3. One sided reporting. It's super fun and very easy (and lazy) to just pile on one narrative. It's harder, less sexy, and less exciting to do objective research. So, the Pats got in trouble for spygate. Yes. True. Paid the greatest consequence in NFL history to that point. Fine. So then you just go around asking teams "what weird or mysterious has happened at Foxboro or with the Patriots?" If that's the question, you get a lot of clicks, a lot of readers, but it's not research. Of course you get confirmatory stories that seem like a pattern! The best, but more difficult and less likely to get you readers would be to take time to: 1. Define Cheating. 2. Categorize different kinds of cheating (equipment, stadium, bending rules, drugs/substances, salary cap violations, etc). Then go back and report on known violations for each team. Then slowly take time and interview players about suspicious stuff at other stadiums. But ask both open ended, such as "what's the weirdest most suspicous behavior you have noticed?" and record that. Then spend some time, equal amounts of time, asking about each specific team to help reduce reporting bias. No one cares about Jacksonville, so no one is going to really volunteer information. But if you asked 50 players "what weird stuff such as headset malfunctions, etc have occurred when playing against the jaguars" then did that for all 32 teams, you'd get a much more accurate and objective measure of what goes on.

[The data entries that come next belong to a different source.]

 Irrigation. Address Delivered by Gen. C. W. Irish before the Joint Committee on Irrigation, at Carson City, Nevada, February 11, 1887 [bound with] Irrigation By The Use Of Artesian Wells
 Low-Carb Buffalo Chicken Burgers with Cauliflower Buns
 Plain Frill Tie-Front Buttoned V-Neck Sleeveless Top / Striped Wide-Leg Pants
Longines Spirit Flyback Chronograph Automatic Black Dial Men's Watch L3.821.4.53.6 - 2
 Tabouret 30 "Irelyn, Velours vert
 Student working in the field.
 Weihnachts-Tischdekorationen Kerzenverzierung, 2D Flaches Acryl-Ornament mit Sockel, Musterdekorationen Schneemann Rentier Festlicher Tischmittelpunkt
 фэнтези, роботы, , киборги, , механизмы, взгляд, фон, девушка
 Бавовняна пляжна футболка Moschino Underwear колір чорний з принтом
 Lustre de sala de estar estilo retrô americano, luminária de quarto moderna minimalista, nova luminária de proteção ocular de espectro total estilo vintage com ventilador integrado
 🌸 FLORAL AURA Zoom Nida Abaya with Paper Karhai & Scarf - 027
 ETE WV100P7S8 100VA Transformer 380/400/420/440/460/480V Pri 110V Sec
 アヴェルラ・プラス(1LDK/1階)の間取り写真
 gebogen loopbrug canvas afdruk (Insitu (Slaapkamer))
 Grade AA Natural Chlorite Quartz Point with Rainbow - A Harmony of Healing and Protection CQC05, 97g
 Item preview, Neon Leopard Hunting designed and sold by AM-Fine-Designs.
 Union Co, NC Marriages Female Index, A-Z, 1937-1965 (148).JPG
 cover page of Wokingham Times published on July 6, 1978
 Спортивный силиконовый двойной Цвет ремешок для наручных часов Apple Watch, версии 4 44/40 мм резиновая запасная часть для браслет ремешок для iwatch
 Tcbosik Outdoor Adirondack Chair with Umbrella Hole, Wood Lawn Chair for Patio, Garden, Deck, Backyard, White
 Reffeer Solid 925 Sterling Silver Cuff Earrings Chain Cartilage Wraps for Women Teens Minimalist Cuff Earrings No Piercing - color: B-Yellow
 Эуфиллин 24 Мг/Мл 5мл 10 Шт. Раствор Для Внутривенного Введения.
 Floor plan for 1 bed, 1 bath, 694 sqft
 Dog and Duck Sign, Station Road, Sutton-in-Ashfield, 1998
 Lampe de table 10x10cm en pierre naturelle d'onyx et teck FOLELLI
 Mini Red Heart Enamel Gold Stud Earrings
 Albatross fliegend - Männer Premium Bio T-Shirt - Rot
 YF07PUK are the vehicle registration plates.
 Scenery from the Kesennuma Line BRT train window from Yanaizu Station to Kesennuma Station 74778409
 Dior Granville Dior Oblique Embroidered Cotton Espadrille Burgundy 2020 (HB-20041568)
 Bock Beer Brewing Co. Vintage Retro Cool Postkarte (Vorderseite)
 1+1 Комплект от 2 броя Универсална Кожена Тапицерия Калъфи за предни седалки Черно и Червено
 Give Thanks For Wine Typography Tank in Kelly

4. The idea that "bending the rules" or "finding the edge of rules" is cheating. This is ridiculous. It's lazy, sour grapes, and trying to legislate to protect laziness and stupidity. And it's a new phenomenon in the NFL. If there was this much internet and the Pats were this good 20 years ago, then the Pats probably would have been the first to try the fleaflicker, halfback pass, or the lateral to WR who then passes type of play. Then they probably would have outlawed that play Pittsburgh tried with the long lateral to Brown who then attempted to throw, or the Edelman playoff pass last year, because the Pats would have won and the opponents would have said "sure it's technically legal, but it's against the spirit of the foreward pass rules!" If the Pats had invented the WildCat and won the SB, they probably would have found a way to make that illegal.
Creativity within the rules used to be celebrated. It's how we got the West Coast Offense ("but they're passing too much, it's against the spirit of football!"), Wildcat variations, WR passes, fake-out punt returns, flea flickers, crazy blitzes, etc. But you win too much with legal creativity, gotta take it away.